How does somebody with a big salary and a position to defend mitigate their risks of losing their job? First of all, they will surround themselves with people who agree with them. Preferably people who are more frightened of losing their jobs than the person at the top. That effectively puts a 'talent embargo' on managers surrounding the top figures. Anyone with integrity and a strong academic reputation would be more fearless, act with less constraint, and - frankly - be more of a threat to a fearful top dog than a help. Untalented subordinates on high salaries are malleable.

But there are deeper structural consequences of fear. The subordinates of managers act with more constraint than the person at the top, because they too are paid beyond their competence: the boss, if he or she is cruel and clever, will ever-so-often remind them of their defects and their dependence on pleasing him or her.  The result is a very strong and self-reinforcing ring of steel round the leader. Subordinates, being more fearful, are less likely to listen to people on the ground: their ears will be focused only inwards. Their nerves will jangle in trying to manage the emerging crisis on the ground as staff 'squeal' (a popular term for the complaint of exhausted lecturers) with trying to appear strong and on-message to the senior management. They will demonise staff on the ground as they seek to shift blame for problems away from themselves. One hopes that the double-bind schizophrenic situation of these people excites the academic interest of the psychologists in UCLAN!
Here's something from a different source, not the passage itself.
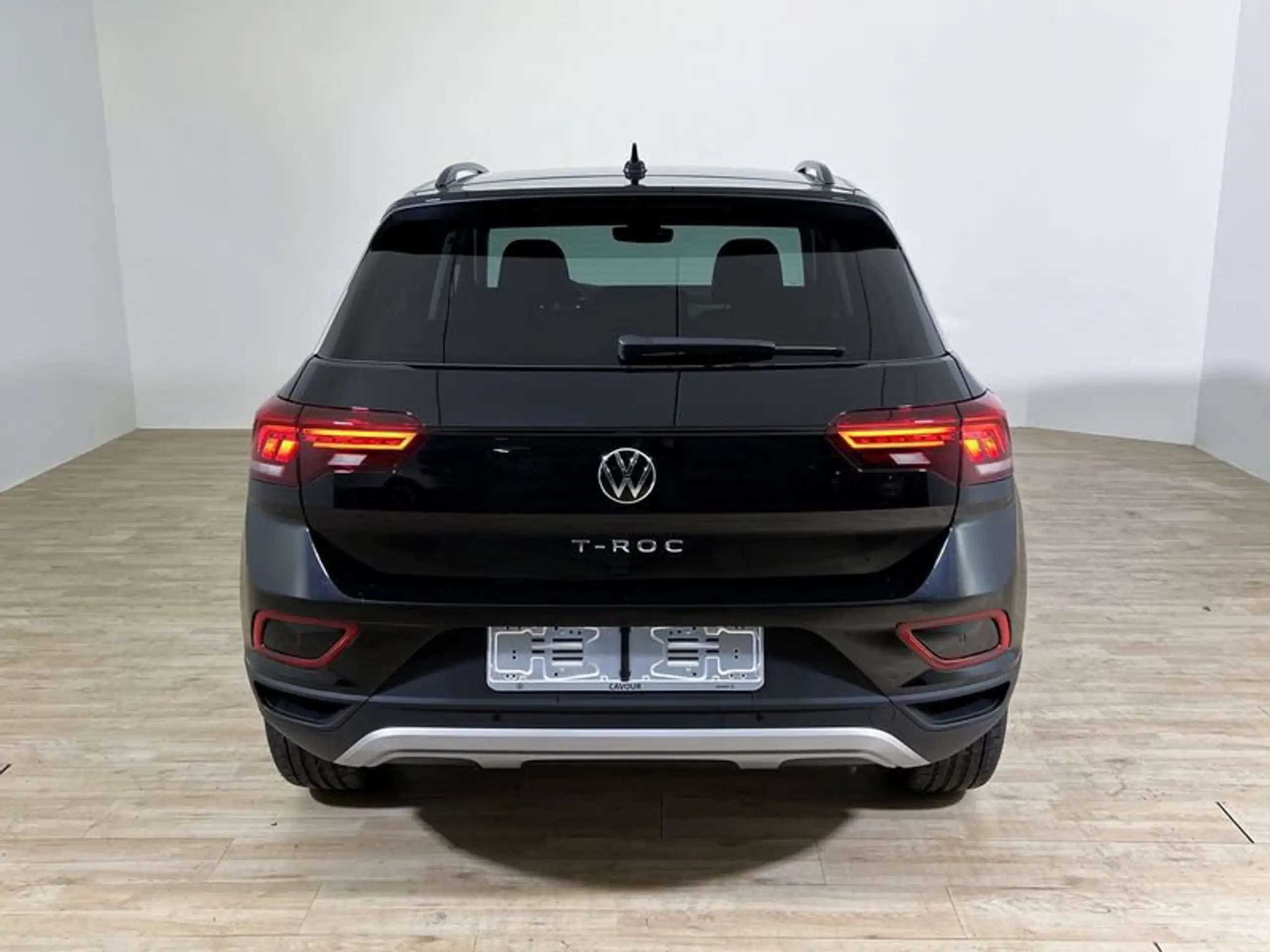 Volkswagen - T-Roc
The deep problem with this 'deafening' of management is that the only way any of us manage the constraints that bear upon us is by listening to each other. Listening not just to the people we like, or the people who think like us - they are not terribly useful in terms of handling constraints. It's the people who disagree with us, the people we don't like - they are the most important to be listened to. The human defence mechanism against constrained and pathological thinking is compassion, love, honesty and openness. Greed, ambition, lust, money and power all work against this.

It all makes for disastrous management, funded by students, where all regulatory and accountability mechanisms have been corrupted by managers, where students get a raw deal in studying in institutions where staff keep smiling through gritted teeth and desperately try not to let their depression show. Despite their self-certified competence and professionalism, management are so subject to constraints that their decisions will almost always be worse than the decisions of anyone else whose common sense would not be constrained by such forces - anyone whose compassion, love, decency and openness has not been corrupted by the poison of money and power. Curiously, this is really a systemic phenomenon: these are not inherently bad people - although they may behave badly in the circumstances they find themselves in.

The UCLAN emails deserve close study.